​Filistinli İsra Garib’in ölümüyle ilgili soruşturma açıldı

Filistinli İsra Nasır Garib (Facebook)
Filistinli İsra Nasır Garib (Facebook)
TT

​Filistinli İsra Garib’in ölümüyle ilgili soruşturma açıldı

Filistinli İsra Nasır Garib (Facebook)
Filistinli İsra Nasır Garib (Facebook)

Filistinli genç bir kızın dövülerek öldürüldüğü anlarda attığı çığlıkları ortaya çıkaran ses kaydı, sosyal medya kullanıcıları arasında şok ve öfkeye neden oldu.
Ölümünün ardından arkadaşları tarafından aktarılanlara göre Beytu’l Lahm bölgesinde yer alan Beytu’l Sahur kasabasında yaşayan Filistinli İsra Nasır Garib (21), kendisiyle evlenmek isteyen bir genç ile çektiği videosunu sosyal medya hesabında yayınlamasının ardından ölümüne yol açan aile içi şiddete maruz kaldı.
Filistin polis sözcüsü Louay Arzikat, Beytu’l Lahm Başsavcılığı’nın, genç kızın cesedinin Beyt Cala Devlet Hastanesi'ne gelmesinin ardından İsra Nadır Garib’in ölümüne ilişkin soruşturma başlattığını açıkladı.
Genç kızın cesedinin otopsi yapılmak üzere adli tıpa gönderildiğini aktaran Arzikat, “Savcılık tanık ifadelerini dinlemeye ve kanıtları toplamaya başladı. Davaya ilişkin soruşturma hala devam ediyor.
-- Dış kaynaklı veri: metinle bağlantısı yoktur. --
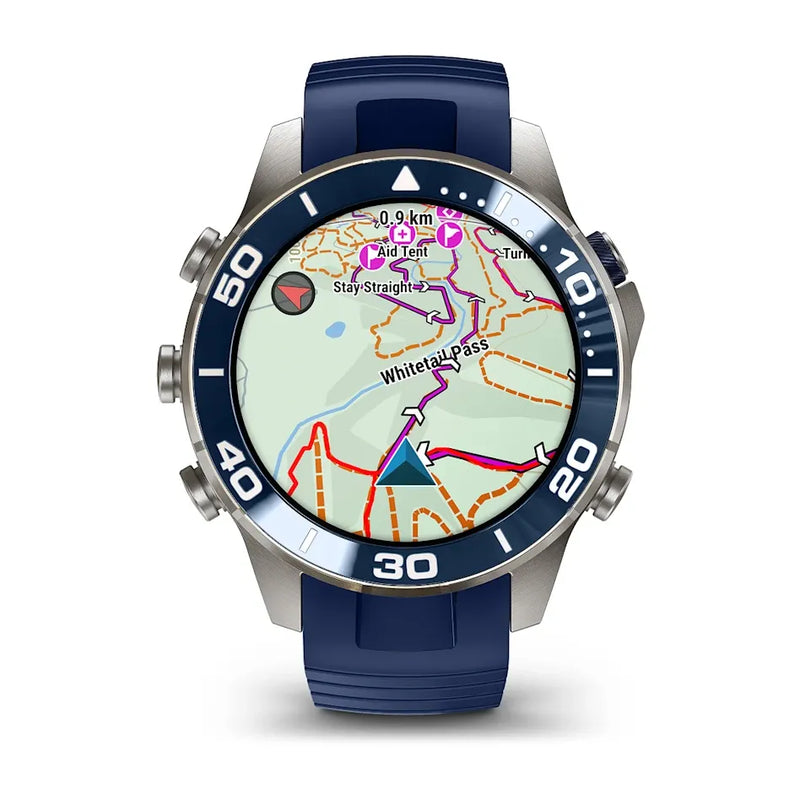 MARQ Diver (Gen 3), Modern Tool Watch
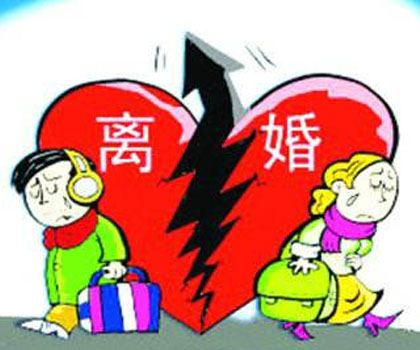 离婚损害赔偿15个法律问答+法律依据。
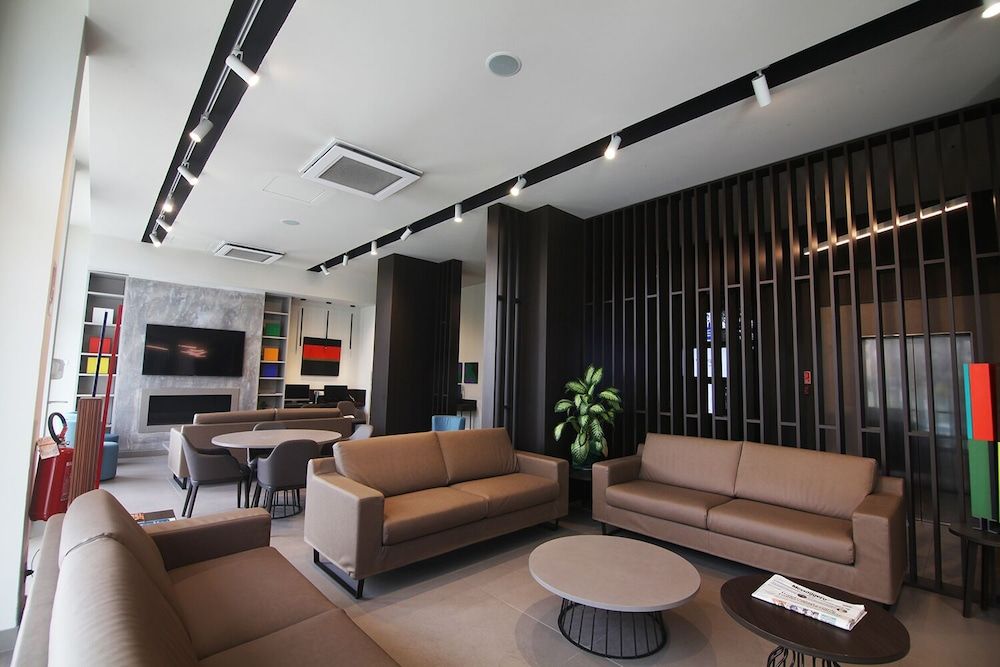 Hotel Santin 3 étoiles à Pordenone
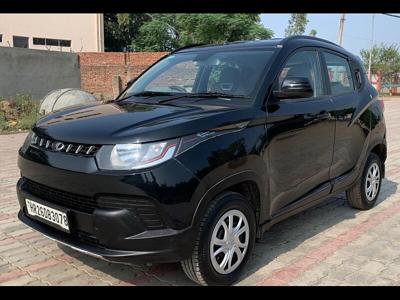 Mahindra KUV100 NXT K6 Plus 6 STR [2017-2020]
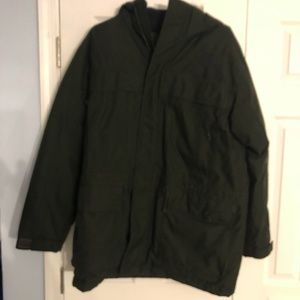 The North Face Coat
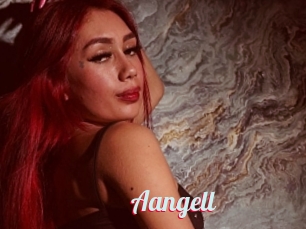 Aangell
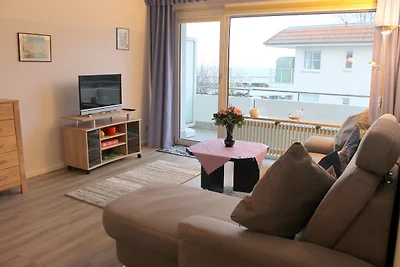 Haus Ostseeblick App. 5
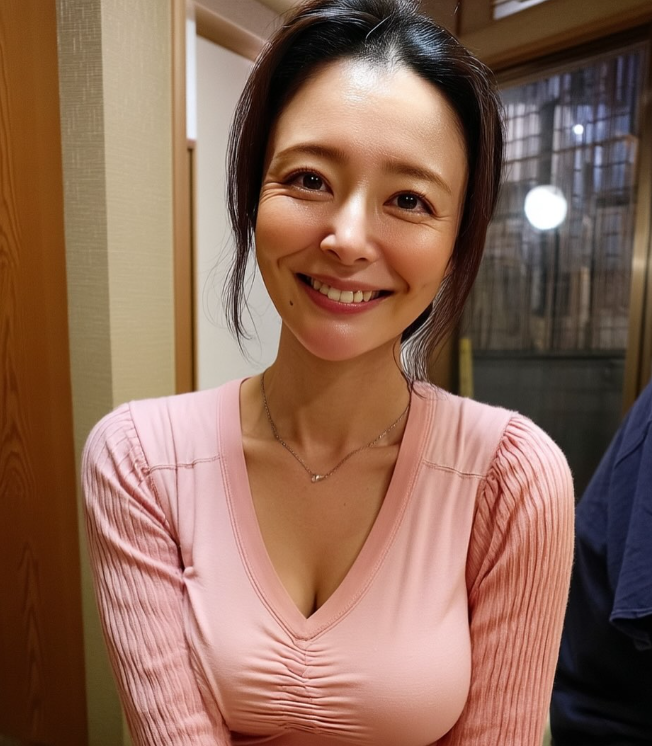 さとみ tweet media
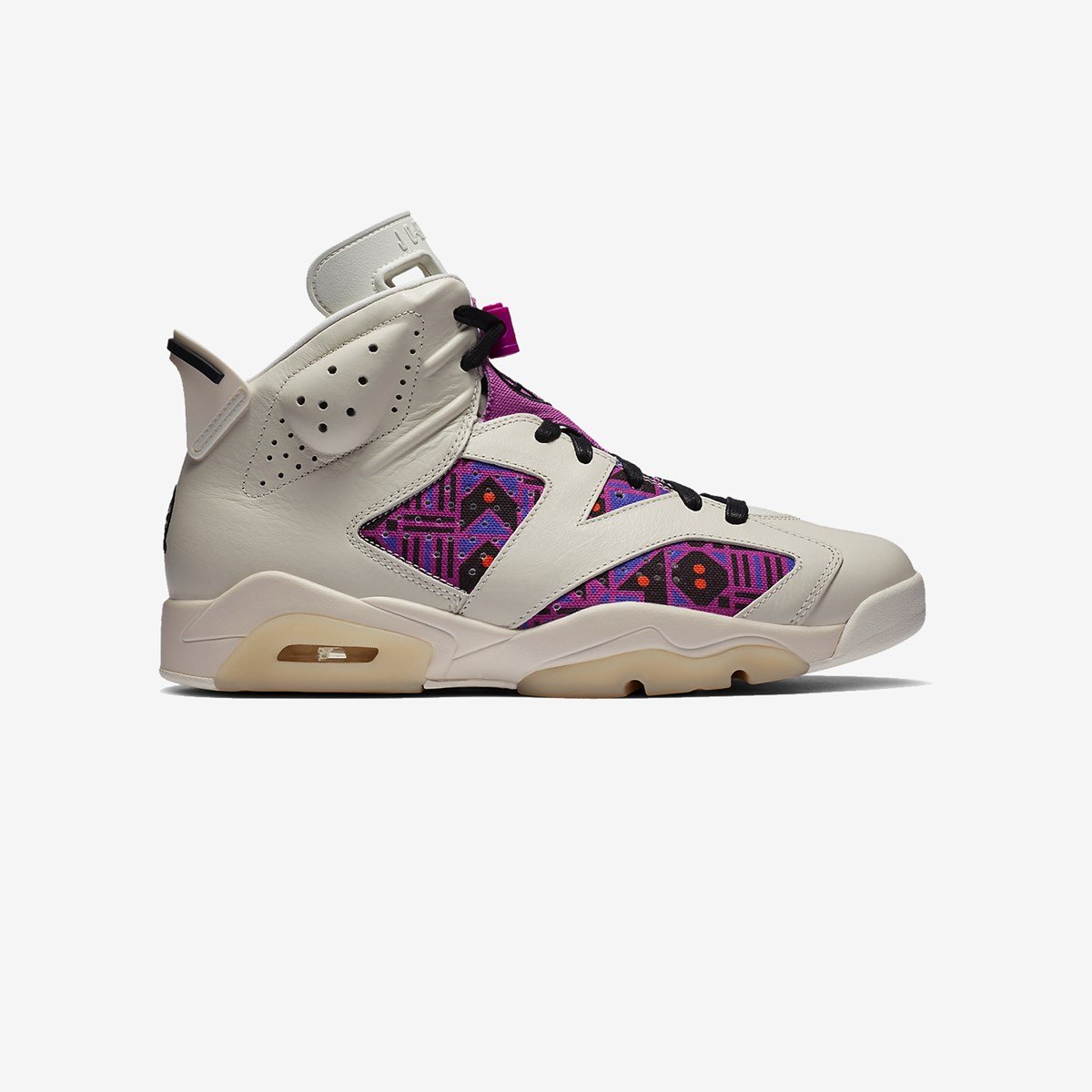 quai 6 jordan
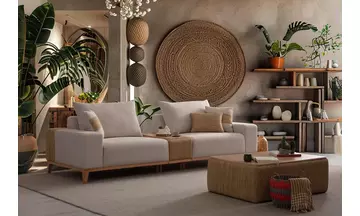 Noma Koltuk Takımı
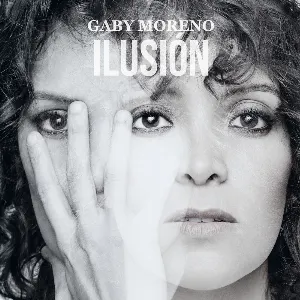 Pochette de Ilusión de Gaby Moreno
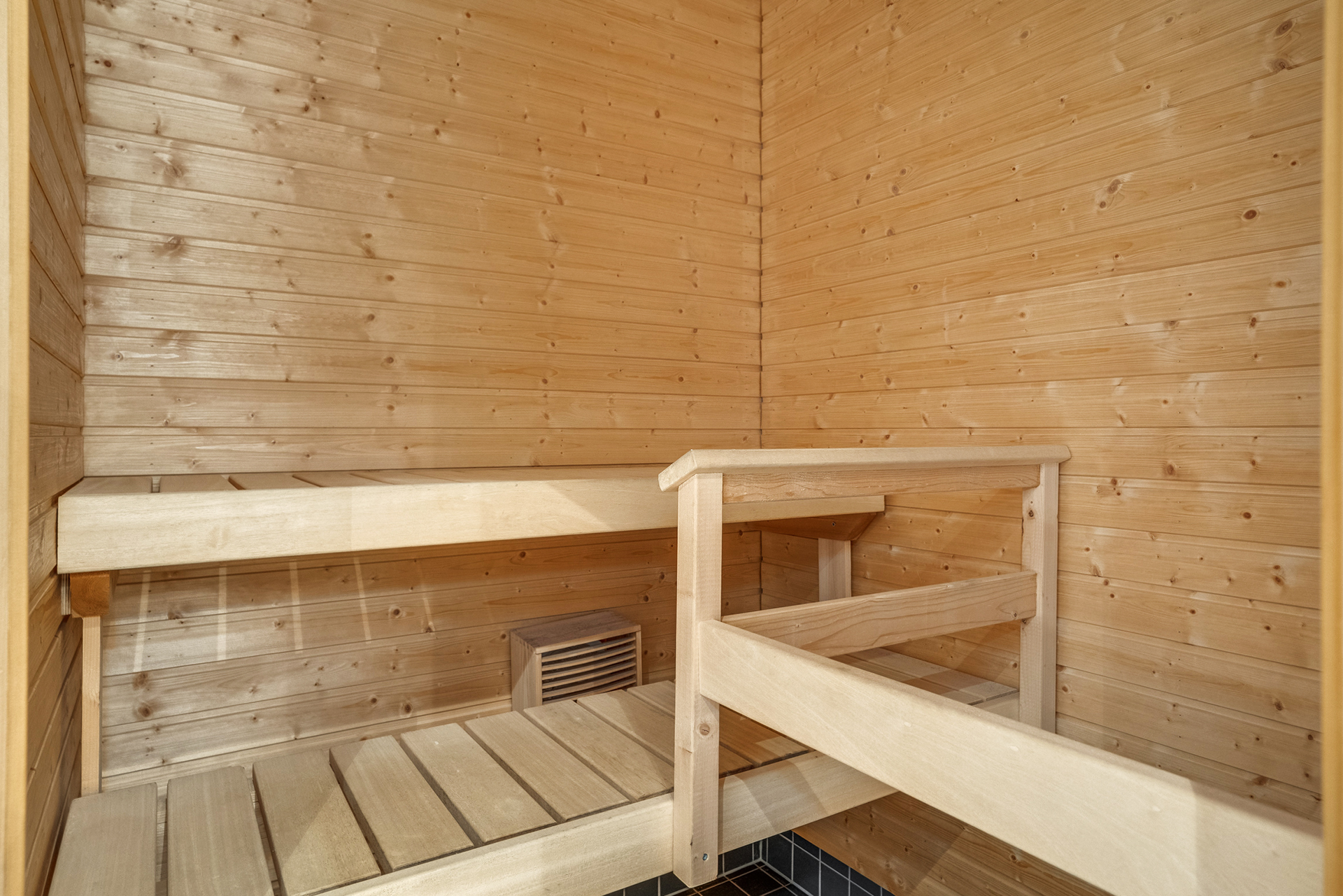 Korpikodinkatu 8, Linnainmaa, Tampere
Bu nedenle adli rapor henüz yayınlanmadı” dedi.
Sözcü, vatandaşların, konuyla ilgili herhangi bir bilgi veya ayrıntıyı medya ya da sosyal paylaşım siteleri aracılığıyla yayınlamamalarını isteyerek, savcılığın gerçeği ve adaleti gösterecek herhangi bir bilgiyi ciddiye almaya açık olduğunu vurguladı.
Sosyal medya kullanıcıları ve kadın haklarını destekleyen kurumlar ‘Hepimiz İsra Garib’iz’ etiketi ile konuyu gündeme getirerek, genç kızın babası ve erkek kardeşleri tarafından kötü muamele gördüğü ve öldüresiye dövüldüğünü ifade etti.
Güzellik uzmanı olan İsra, geçtiğimiz ayın başında Instagram hesabından fotoğraflarını paylaşarak, omurgasından yaralandığını ve ameliyat geçireceği için iki ay çalışamayacağını yazdı.
Ölümünden sonra arkadaşları, annesinin izniyle, kendisiyle evlenmek isteyen gençle buluşmaya ablası ile birlikte gitmesi ve burada genç erkekle kısa bir video çekip Instagram hesabında paylaşmasının ardından babası, erkek kardeşleri ve ablasının eşi tarafından ciddi bir şekilde dövüldüğünü bildirdi.
Arkadaşlarına göre hastanede tedavi altına alınan İsra’nın Kanada’da yaşayan erkek kardeşi bir erkekle dışarı çıkması nedeniyle kızı öldürme sözü verdi ve hastanede kızı dövmeye başladı. Hemşirelerden biri, kızın erkek kardeşi ve eniştesinden dayak yerken attığı çığlıkları kaydetti.
Öte yandan, genç kızın ailesi sosyal medyadan kendilerine yöneltilen bütün suçlamaları reddetti.
İsra’nın ablasının eşi Muhammed Safi, Facebook hesabından yayınladığı bir videoda, İsra’nın evde geçirdiği kalp krizi nedeniyle öldüğünü ve sosyal medyada yayınlanan çığlıklarını ortaya koyan ses kaydının ölümünden birkaç gün önce kaydedilmiş olduğunu iddia etti.
Safi, İsra’nın söz konusu çığlıkları dayağa maruz kalması nedeniyle değil, daha sonra açıklayacağı bir sorun nedeniyle attığını savundu.
İsra'nın herhangi bir zihinsel ya da psikolojik bozukluk yaşamadığını aktaran Safi, söz konusu sorunu daha sonra kanıtlarıyla açıklayacaklarını söyledi.
Konuya ilişkin ilk resmi tepki, Filistin Başbakanı Muhammed Iştiyye’den geldi.
Başbakan, Facebook hesabından yaptığı açıklamada, “İsra Garib bir toplum sorunu haline geldi. Sokağın bu konuya yönelik nabzını hissediyoruz.  Filistin hukuku hükümleri ve soruşturmaların gizliliğine tam olarak bağlı kalarak, hayatını kaybedenlerin ruhu ve ailelerinin duyguları konusunda önyargılı olmak için acele etmemekle birlikte annelerimiz, kız kardeşlerimiz ve mücadeledeki ortağımız Filistinli kadınları koruyan yasa sistemini güçlendirmemiz şart. Aksi takdirde bir toplum olamayız” dedi.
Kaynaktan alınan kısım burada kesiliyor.